> [PROBLEM DETAILS]
From the line holding "women black slip" through the line holding "Personalized Wedding Backdrop" below, write out every line exactly; include both of those lines and drop the pictures.

> [MATERIAL TO PROCESS]
--------
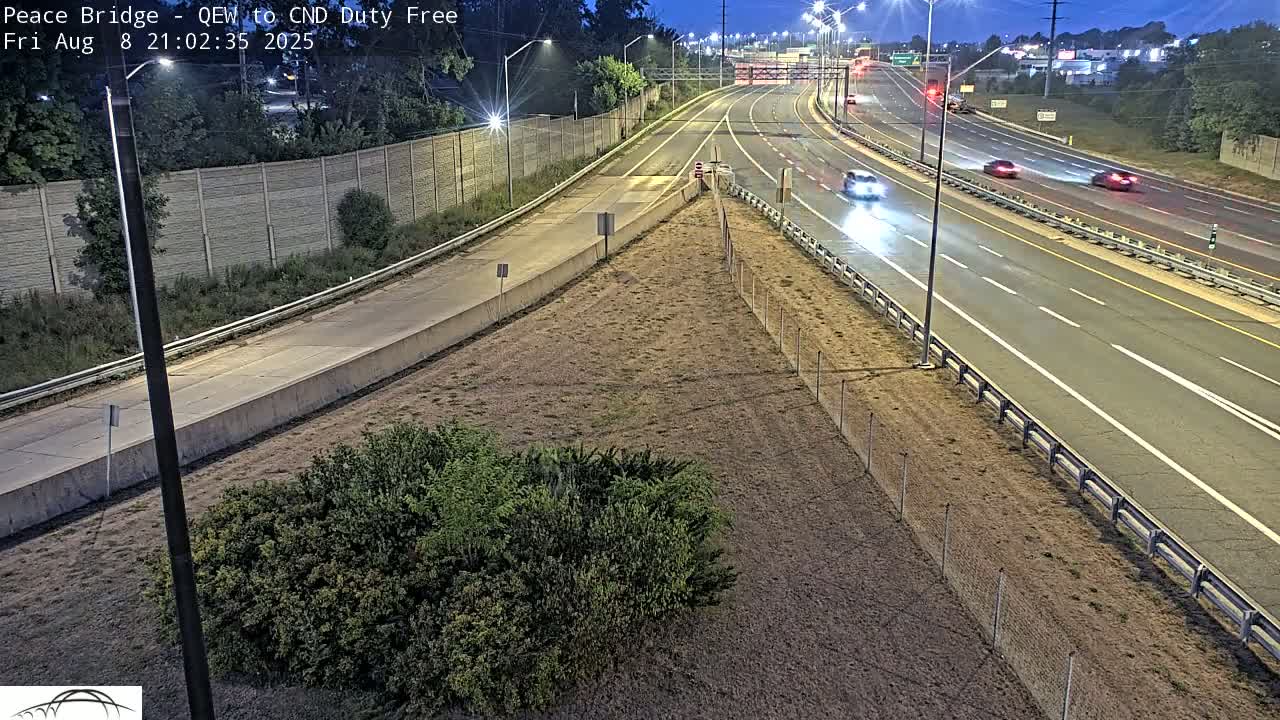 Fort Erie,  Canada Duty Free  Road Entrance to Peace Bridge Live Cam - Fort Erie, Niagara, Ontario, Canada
--------
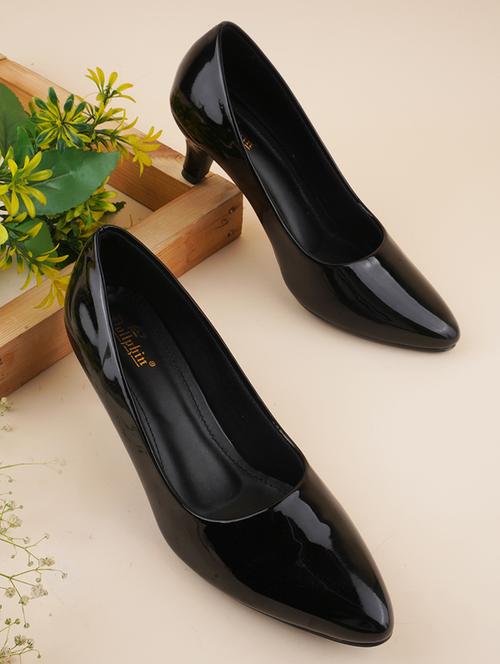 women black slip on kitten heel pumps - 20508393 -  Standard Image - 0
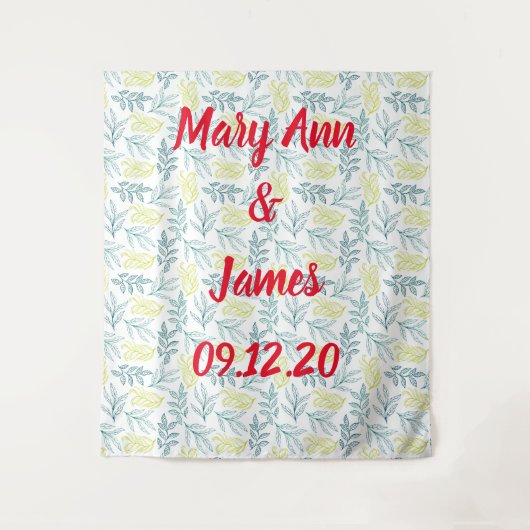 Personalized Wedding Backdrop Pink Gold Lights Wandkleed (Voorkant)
--------
> [TASK ANSWER]
 women black slip on kitten heel pumps - 20508393 -  Standard Image - 0
 Personalized Wedding Backdrop Pink Gold Lights Wandkleed (Voorkant)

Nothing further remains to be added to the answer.